Bliss does not mean avoidance of the uncomfortable. It does not seek distraction. Bliss means staying the course, even when it hurts. It reaches its arms around the whole experience that we call life and embraces it all—good and bad—with equanimity and grace.
Bliss means to do whatever, in this moment, brings you into alignment with your true nature. Bliss means to fill your days only with things that have heart and meaning to you. Bliss means to follow your gut, your intuition, that still, small voice. Your head is a great tool, but sometimes it thinks it’s the master. Your head needs all the information—all the pros and all the cons—to make a great decision. Your gut, however, is never wrong; even with only a fraction of the information, it is always right.

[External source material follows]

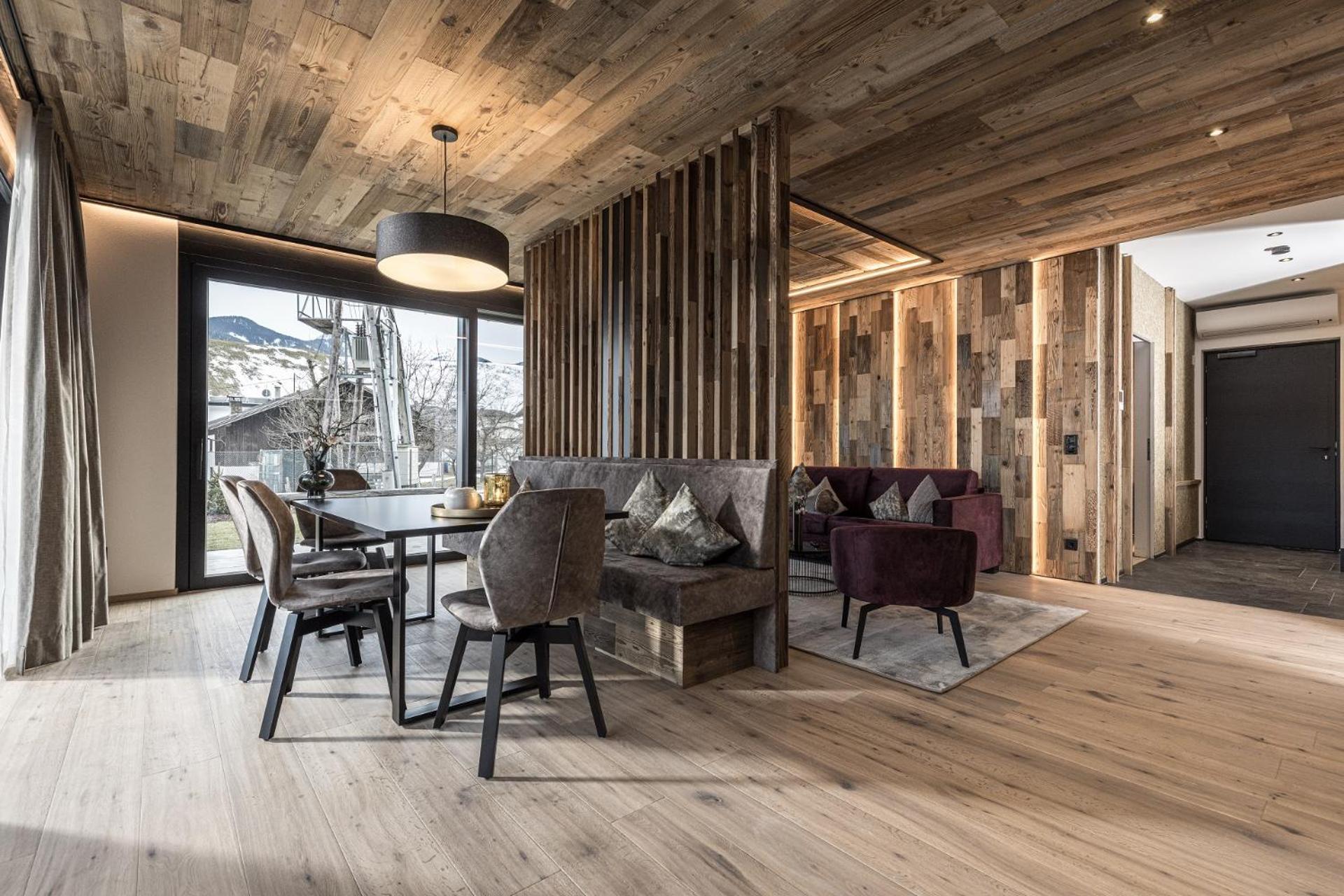 Perfect Lodgings Wiesing Erlach  Room photo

I don’t want a life of certainty, I want a life of bliss; ‘Figuring it out’ along the way, spontaneously, with gusto and noticing the magic as I go.
There isn’t much fun in having it all figured out. If I could have my fortune told such that I would know my future, I would not want to know it. Why would I want to know the score of the game before the game starts? Why would I want to know the score of my life? I want to allow life to unfold, without any control or planning. I can prepare myself, I can show up, I can put my best foot forward, but I cannot anticipate all the steps. There is no ‘right’ way. The way must be governed by my intuition, amor fati, and faith that it’ll all work out in good time. I want to wonder again.
The immortal philosopher Bob Ross would say “That’s what makes it so much fun, we don’t use any patterns or we don’t do any sketching we just sort of let this happen…just let it happen.”
I don’t know what will happen and you don’t know what will happen. No one knows the sweet mystery of life.
I want to stay in that mystery.
Thank you for taking the time to read my work, I really appreciate your support. I hope you get everything you want in this life.